Aristide retrouve Virgile au Lutétia

In Les Échos 07 04 2018

Depuis combien de temps n’êtes-vous pas retourné au Lutétia à Paris ?

Animés d’une curiosité amicale, nous étions quelques Centurions d’American Express invités à découvrir la future configuration du Lutétia par son directeur général, Jean Luc Cousty. Il ferma l’hôtel il y 4 ans, il le rouvrira ce printemps.

L’icône parisien du boulevard Raspail, est née dans la prospérité en 1910. Il devint un lieu de fêtes dans les années folles avant de subir le tragique puis la résilience au milieu du XX siècle ; depuis les années 50 il muta résolument en « La Rive Gauche ». Désormais, découvrir le nouveau Lutétia cela sera parcourir une performance architecturale enchâssant un lien  Art nouveau — Art déco retrouvé dans les miroirs du XXI siècle.

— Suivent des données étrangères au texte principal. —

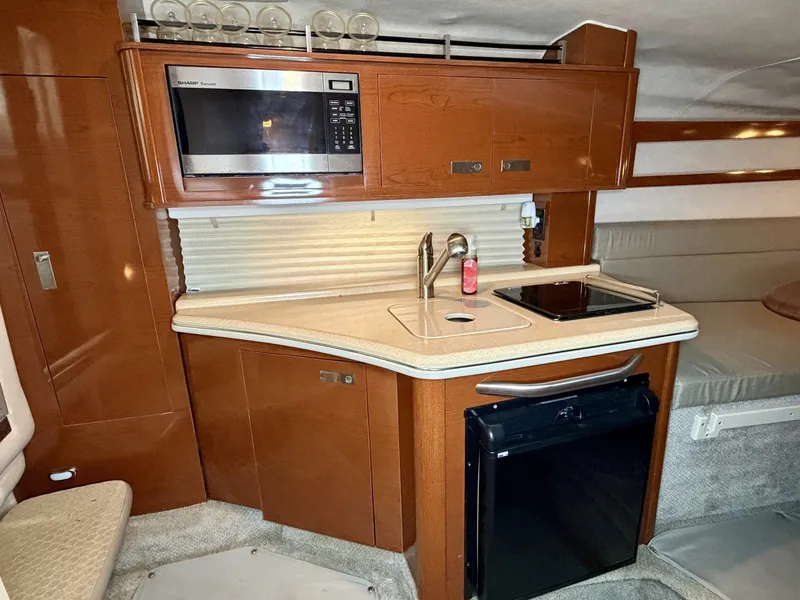 Slide: The Image of Sea Ray 270 Sundancer 2009 - 43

Qu’avons-nous découvert au cours de cette visite ?  

La façade unique et reconnaissable entre toutes de pierres de Paris en haut et pierres de Bourgogne en bas a été rajeunie par l’artisan Villemain ; en surplomb du 43 Boulevard Raspail, une marquise, reproduite à l’identique de son aînée de 1910 par l’artisan Betemps, orne l’entrée de l’hôtel. Au-delà, à l’intérieur, la grande galerie a retrouvé son provignage de bas-reliefs identiques aux originaux. Tout en vignes, sarments et grappes ils sont une allégorie aux résidents d’avant la percée du Boulevard de 1907 : les jardins des couvents des Filles de Saint Thomas,  de l’Abbaye aux Bois et de l’hôpital des Petites Maisons.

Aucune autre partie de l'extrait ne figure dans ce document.